Hopefully, the repercussions of this cancellation will awaken Canadians to the inevitable decline of Canada’s oil and gas industry. Keystone XL’s cancellation inverts many of the narratives Canadian Conservatives have been pushing for years: that climate change is an unsolvable collective action problem and that nations can secure an “energy independent” Canada by investing in domestic fossil fuel energy production.
Rhetoric from the Conservative Party portrays climate change as a collective action problem: unless everyone is on board, very little can meaningfully be accomplished, and those who do invest in the fight against climate change are “suckers” who will be paying without results. Thus, with a sigh, a shrug, and a smile, Conservatives say that nothing can be done.
Canada’s experience with Keystone should show that individual nations, if only superpowers, can flip the collective action problem and make new climate infrastructure worthless. If the Biden administration rejects new carbon infrastructure, and invests in green infrastructure, this can have an enormous positive impact on the global commons.
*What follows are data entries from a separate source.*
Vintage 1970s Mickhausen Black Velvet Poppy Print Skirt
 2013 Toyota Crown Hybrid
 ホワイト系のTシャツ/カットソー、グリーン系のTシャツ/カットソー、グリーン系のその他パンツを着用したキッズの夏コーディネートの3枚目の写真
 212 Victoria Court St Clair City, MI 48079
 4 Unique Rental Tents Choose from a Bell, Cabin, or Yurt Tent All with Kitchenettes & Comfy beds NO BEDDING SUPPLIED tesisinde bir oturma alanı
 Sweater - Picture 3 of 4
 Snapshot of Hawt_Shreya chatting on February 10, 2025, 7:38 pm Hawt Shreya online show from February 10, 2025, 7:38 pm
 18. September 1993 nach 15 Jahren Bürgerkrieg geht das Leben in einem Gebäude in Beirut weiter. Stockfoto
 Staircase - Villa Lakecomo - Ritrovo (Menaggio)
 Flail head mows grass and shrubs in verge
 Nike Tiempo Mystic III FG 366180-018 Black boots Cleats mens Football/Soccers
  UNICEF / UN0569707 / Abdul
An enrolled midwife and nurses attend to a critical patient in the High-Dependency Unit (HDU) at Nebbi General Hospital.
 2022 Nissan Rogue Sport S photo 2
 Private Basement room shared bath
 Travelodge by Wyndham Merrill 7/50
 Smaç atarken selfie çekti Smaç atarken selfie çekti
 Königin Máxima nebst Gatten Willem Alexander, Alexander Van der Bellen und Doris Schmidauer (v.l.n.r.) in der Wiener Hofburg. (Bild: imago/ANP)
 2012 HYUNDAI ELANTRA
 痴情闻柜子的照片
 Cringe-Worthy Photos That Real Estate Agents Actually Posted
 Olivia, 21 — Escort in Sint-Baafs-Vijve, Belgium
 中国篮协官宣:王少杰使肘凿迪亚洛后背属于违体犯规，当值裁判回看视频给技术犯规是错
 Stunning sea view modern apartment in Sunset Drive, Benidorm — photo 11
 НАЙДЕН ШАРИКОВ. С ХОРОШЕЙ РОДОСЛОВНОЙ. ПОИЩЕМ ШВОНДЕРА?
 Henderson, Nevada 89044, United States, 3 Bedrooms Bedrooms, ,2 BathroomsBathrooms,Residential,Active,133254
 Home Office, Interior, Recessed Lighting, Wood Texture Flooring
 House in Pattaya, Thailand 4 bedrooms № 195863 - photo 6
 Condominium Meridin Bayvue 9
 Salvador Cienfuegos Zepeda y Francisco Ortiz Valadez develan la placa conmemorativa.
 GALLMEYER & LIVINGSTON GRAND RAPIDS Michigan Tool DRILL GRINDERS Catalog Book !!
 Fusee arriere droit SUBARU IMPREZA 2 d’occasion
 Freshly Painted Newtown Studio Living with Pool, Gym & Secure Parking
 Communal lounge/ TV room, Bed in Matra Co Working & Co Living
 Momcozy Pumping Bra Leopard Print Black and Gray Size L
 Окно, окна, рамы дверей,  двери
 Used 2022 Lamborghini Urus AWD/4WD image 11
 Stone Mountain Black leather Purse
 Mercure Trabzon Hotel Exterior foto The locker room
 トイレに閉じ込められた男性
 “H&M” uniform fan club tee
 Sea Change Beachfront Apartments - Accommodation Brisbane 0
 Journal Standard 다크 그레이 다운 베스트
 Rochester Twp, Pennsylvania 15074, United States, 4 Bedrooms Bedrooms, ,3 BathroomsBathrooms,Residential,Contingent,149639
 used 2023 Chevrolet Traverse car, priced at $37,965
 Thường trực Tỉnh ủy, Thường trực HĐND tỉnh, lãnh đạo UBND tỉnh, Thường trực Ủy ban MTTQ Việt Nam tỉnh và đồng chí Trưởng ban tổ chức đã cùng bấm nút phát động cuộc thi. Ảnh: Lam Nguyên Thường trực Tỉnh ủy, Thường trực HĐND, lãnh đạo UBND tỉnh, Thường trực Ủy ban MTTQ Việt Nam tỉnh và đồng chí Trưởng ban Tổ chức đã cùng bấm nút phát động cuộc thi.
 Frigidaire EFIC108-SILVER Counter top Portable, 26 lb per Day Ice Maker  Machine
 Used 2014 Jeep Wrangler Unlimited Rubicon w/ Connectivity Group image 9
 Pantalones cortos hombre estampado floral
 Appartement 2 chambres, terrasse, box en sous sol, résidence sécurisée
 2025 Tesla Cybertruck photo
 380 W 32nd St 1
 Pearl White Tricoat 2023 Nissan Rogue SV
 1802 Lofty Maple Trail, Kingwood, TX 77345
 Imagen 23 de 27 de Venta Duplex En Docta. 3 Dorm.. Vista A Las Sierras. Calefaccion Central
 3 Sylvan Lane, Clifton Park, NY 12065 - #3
However, if the United States moves on from fossil fuels and Canada does not, the disappointments are going to continue to rack up. The United States is a vast market for Canadian oil: close to 98% of Canada’s oil exports go to the United States. Canada’s internal market (2.4 thousand barrels of oil per day consumed) is insignificant compared to the 3.7 million barrels per day exported. A greener United States means enormous losses to the profits of Canadian oil and gas, which won’t be able to pivot to other markets easily.
Thus, the Keystone XL debacle completely flips the narrative of “energy independence.” The ambition, espoused by Federal Conservatives and Alberta Premier Jason Kenney, is to free Canada, the United States, and eventually the entire Western world from dependence on oil from OPEC by, among other means of domestic energy production, increasing oil sands extraction and oil exports from Canada.
"Canada’s experience with Keystone should show that individual nations, if only superpowers, can flip the collective action problem and make new climate infrastructure worthless."
Practically, exporting more oil to the United States has only made Canada dependent on the United States as a market. Keystone XL has been cancelled, re-approved, and now cancelled once again, highlighting the precarious nature of this cross-border collaboration on carbon infrastructure, especially when one country is so much more dependent on the relationship than the other.
A future in which nation-states are energy independent means a transition to sources of energy that are more evenly distributed (such as sun or wind). Energy from renewable sources is set to increase as a share of US energy, reaching a predicted 25% of US energy consumption by 2022. Projects like Keystone XL assume a long-term future in which the world (and the United States in particular) continue to consume dangerous levels of fossil fuels. This future is increasingly unlikely.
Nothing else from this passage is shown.